Certificate Revocation

Learn about how to revoke a certificate or certificate authority (CA) to help keep resources secure in the event a certificate can no longer be trusted.

Note

The Certificates service supports the revocation only of resources issued by an internal CA. You can't use the service to revoke an externally managed or imported certificate. You also can't revoke a CA version for a root CA.

You can revoke a certificate or certificate authority (CA) if you want to invalidate it as a trusted resource for any number of reasons. Revocation lets you indicate that a specific version of a certificate or CA is no longer trustworthy and mark it as invalid for use before the end of its validity period. While you can revoke specific versions, you must always have at least one version of a certificate or CA unless you delete the resource altogether. If you do decide to delete a CA, we recommend that you revoke the CA first.

To revoke a certificate version or CA version, you issue and publish a certificate revocation list (CRL). CRLs are published when a CA version or certificate version is revoked, as well as when a CA is created. A CRL lists the X.509 certificates that a CA has revoked prior to their expiration date. When a CA is initially created, the CRL is an empty list that contains no revoked certificates.

If you do not configure a CA for revocation when you create it, you can configure revocation later. Any certificate version or CA version that you revoke before you configure revocation, which includes the corresponding publication of a CRL, is published to the CRL when the CRL becomes available.

In a CRL, the revocation status includes a reason for the revocation, and the revocation status for a CA and its certificates do not need to match. Revocation statuses can include:

  • UNSPECIFIED. No specific reason. (Although you can revoke a certificate without specifying why, the practice is not recommended.)
  • KEY_COMPROMISE. Suspected or actual compromise of the private key corresponding to the public key in the certificate. For example, the device that stores the private key is lost or stolen. (This reason is used for end entity certificates.)
  • CA_COMPROMISE. Suspected or actual compromise of a CA or the private key corresponding to the public key in the CA certificate. Again, for example, the device that stores the private key is lost or stolen.
  • AFFILIATION_CHANGED. Certificate subject information or other certificate details changed because an individual left the organization specified in the Distinguished Name attribute of the certificate.
  • SUPERSEDED. A replacement certificate has been issued that supersedes the revoked certificate, and the reason is not one of the other revocation reasons.
  • CESSATION_OF_OPERATION. The CA is ceasing operation and no longer publishing CRLs for currently issued certificates.
  • PRIVILEGE_WITHDRAWN. The certificate holder no longer has the privileges required to continue using the certificate.
  • AA_COMPROMISE. Suspected or actual compromise of the authentication authority (AA) validated in the certificate.

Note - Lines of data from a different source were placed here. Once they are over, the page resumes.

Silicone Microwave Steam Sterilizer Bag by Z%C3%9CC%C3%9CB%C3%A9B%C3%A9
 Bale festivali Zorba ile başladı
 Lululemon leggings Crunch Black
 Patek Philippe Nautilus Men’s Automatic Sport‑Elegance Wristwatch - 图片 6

To validate a certificate, clients of a certificate get the .crl file hosted at the endpoint named in the certificate as the CRL distribution point (CDP). Then, they check whether the file lists the serial number of the certificate. Any certificate included in the CRL is rejected as invalid.

You need to have a unique, dedicated Oracle Cloud Infrastructure Object Storage bucket where you can store the CRL before you create a CA or before you configure a CA for revocation. If the service cannot publish a CRL to Object Storage after several attempts, the next attempt to publish the CRL happens when the next certificate is revoked.

CRLs are published with a validity period of seven days and are refreshed every three days, before they expire, or whenever a certificate is revoked. A CA can refresh a CRL as long as the CA lifecycle state is 'Active'.

You hold responsibility for hosting the CDP at an endpoint that clients can reach. The service does not validate CDP endpoints. The CDP of a certificate is included in the certificate and in the certificate of the issuing CA. You can have an HTTPS address as the CDP only if you can guarantee that there are no circular dependencies in the verification of the HTTPS chain.

Updating the details of the CRL, including the Object Storage bucket where it is stored or the URL of the CDP, does not automatically update the certificate of the current CA version. If you want to issue a new certificate to reflect a new CDP, then you must create a new CA version.

Revoking a certificate puts the resource's lifecycle state into 'Updating' until the CRL is successfully published to the Object Storage bucket, if the issuing CA is configured to publish a CRL. A revoked CA remains in an 'Active' state because you can still renew the CA. Only the CA version is revoked. Furthermore, revocation of a CA does not affect the revocation status of a subordinate CA or the certificates the CA has issued. Oracle recommends that you revoke every descendant in the hierarchy if an issuing CA is compromised.